Green to Go founder Gia Dileo works with local growers to shape her menu. (Photo: Hanna Rasanen)

Green to Go founder Gia Dileo works with local growers to shape her menu. (Photo: Hanna Rasanen)

Green to Go launched in January 2012. Salads were delivered weekly on a pre-ordained Uptown route, mostly to friends and friends of friends.

“I started a Facebook page, and in a heartbeat I had 180 followers. Then 200, then 500. People were desperate for this. Each week I’d post four salads and the route.

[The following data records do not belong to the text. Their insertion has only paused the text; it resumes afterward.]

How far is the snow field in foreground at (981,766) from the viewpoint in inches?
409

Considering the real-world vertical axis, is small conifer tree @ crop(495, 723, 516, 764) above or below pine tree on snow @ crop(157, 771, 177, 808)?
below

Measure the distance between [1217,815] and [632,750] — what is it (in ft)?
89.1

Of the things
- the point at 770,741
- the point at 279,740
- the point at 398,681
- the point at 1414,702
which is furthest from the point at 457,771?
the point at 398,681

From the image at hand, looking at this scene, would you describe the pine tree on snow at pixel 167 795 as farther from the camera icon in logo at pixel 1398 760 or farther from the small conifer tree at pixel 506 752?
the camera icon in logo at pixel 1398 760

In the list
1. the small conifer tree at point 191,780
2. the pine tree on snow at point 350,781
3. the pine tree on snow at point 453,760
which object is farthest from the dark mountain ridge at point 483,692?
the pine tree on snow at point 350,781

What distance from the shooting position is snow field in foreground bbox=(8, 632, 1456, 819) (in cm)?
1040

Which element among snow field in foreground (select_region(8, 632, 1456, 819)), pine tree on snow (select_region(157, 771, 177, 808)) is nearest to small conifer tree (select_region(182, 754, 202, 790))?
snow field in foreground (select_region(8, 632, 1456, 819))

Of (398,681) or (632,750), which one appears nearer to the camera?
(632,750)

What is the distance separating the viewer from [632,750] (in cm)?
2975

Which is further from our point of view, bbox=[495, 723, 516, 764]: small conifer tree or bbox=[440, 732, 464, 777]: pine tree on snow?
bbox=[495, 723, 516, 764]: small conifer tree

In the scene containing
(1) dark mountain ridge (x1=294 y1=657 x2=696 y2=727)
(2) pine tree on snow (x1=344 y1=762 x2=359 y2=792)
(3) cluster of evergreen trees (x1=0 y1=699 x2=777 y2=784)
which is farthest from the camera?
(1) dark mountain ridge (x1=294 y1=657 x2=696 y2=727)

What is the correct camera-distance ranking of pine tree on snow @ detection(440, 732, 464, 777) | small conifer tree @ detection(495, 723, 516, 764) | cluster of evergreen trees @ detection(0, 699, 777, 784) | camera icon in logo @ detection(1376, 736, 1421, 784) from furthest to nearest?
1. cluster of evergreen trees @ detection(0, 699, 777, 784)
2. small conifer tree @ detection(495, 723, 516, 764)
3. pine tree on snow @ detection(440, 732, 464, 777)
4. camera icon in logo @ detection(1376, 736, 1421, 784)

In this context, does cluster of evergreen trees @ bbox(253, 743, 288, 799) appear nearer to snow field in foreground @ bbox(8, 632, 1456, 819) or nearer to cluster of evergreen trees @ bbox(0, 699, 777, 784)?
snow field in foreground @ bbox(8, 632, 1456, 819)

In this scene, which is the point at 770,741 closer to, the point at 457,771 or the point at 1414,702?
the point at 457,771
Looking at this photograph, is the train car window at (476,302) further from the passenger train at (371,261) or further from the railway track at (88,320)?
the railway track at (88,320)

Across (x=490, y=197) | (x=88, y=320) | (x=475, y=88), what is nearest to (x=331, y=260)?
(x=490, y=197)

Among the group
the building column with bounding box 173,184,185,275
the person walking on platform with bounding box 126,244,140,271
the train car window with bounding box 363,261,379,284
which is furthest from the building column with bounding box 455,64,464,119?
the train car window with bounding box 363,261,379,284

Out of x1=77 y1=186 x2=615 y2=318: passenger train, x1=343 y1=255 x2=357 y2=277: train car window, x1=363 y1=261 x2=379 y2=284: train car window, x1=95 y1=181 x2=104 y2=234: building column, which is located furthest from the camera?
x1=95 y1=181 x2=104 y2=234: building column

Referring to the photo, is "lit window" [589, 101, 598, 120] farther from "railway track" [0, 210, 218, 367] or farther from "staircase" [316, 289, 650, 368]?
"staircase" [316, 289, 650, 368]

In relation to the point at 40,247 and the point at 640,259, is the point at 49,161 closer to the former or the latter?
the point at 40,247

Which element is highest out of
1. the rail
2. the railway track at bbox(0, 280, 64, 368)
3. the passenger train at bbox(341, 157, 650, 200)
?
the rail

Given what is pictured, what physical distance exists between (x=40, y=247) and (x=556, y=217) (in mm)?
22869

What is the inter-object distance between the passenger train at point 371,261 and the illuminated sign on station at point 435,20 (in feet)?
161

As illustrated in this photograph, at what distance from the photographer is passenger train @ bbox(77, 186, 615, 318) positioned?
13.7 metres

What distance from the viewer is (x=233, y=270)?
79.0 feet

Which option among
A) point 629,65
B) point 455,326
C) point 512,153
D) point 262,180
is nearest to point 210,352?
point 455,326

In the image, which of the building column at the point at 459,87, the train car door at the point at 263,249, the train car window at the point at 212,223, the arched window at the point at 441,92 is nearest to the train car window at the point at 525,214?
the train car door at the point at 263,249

I’d be sold out within an hour – and I’ve had people chase me down the street.”

A favored pick-up location was the Uptown Jewish Community Center, and soon the institution asked Gia to take over its member café. Three years later she opened a restaurant in the CBD, at 400 Poydras St.

The menu has grown beyond those original four salads, although everything is still made daily from scratch, and nearby deliveries still done on the back of one of a pair of Worksman industrial tricycles. “The bikes are kind of like a cross between pizza delivery and a food truck. We try to stock extra items on them.”

Green to Go also sells a line of homemade salad dressings, at the Uptown and CBD locations as well as Well in Metairie. Brother-in-law Conrad Emerson, a former sous-chef at Bayonna, joined the family business as executive chef.

“We work with local growers, with an eye toward people in New Orleans having a healthy alternative to fast food. And we’re also price-conscious. I hate to think that organic food would be available only to wealthy people.”

Growers text Gia on weekends to let her know what they will be harvesting, and she plans her menus accordingly: luscious fresh figs paired with prosciutto at the height of summer, satsumas and pumpkin seeds over arugula in the fall. The salad line has been augmented with hot dishes, like grilled salmon with broccoli and onions or sake-glazed shrimp over black rice. Her hands-down best seller is the chicken Caesar salad, which Gia attributes to the in-house vegan Caesar vinaigrette.

The Green to Go cafe at 400 Poydras opened last year. (Photo: Hanna Rasanen)

The Green to Go cafe at 400 Poydras opened last year. (Photo: Hanna Rasanen)

The Poydras Street Green to Go also offers an oatmeal bar, fresh fruit, eggs and muffins for breakfast. The restaurant is open from 7 a.m. to 2 p.m. weekdays, catering mostly to the busy downtown crowd. “No one in New Orleans wants to eat healthy on the weekend,” Gia says with a laugh.

Customers tend to be regulars – 75 percent of her clientele are return diners. She employs about 25 people; “being an employer is terrifying,” she says, “but the people part of the business is what I love most.”

Gia also plans to partner with other organizations, such as fitness outlets. “Why can’t someone go to an exercise class at lunch and then have a pre-ordered lunch waiting when they’re done?”

She’s looking at more locations, and will continue the green concept not only behind the counter, but out front as well. “I think bike delivery is the way of the future, and this is an entirely bikeable city.”

Never, she says, did she envision her initial concept turning into the sprawling business it has become.

“I thought it would be this sleepy little thing I’d do while my kids were in nursery school,” Gia says with a laugh. “I’d be riding around on my bike dinging the bell.”

But she wouldn’t have it any other way.

“When you’re important to me, I cook for you,” she says. “This is my love letter to New Orleans.”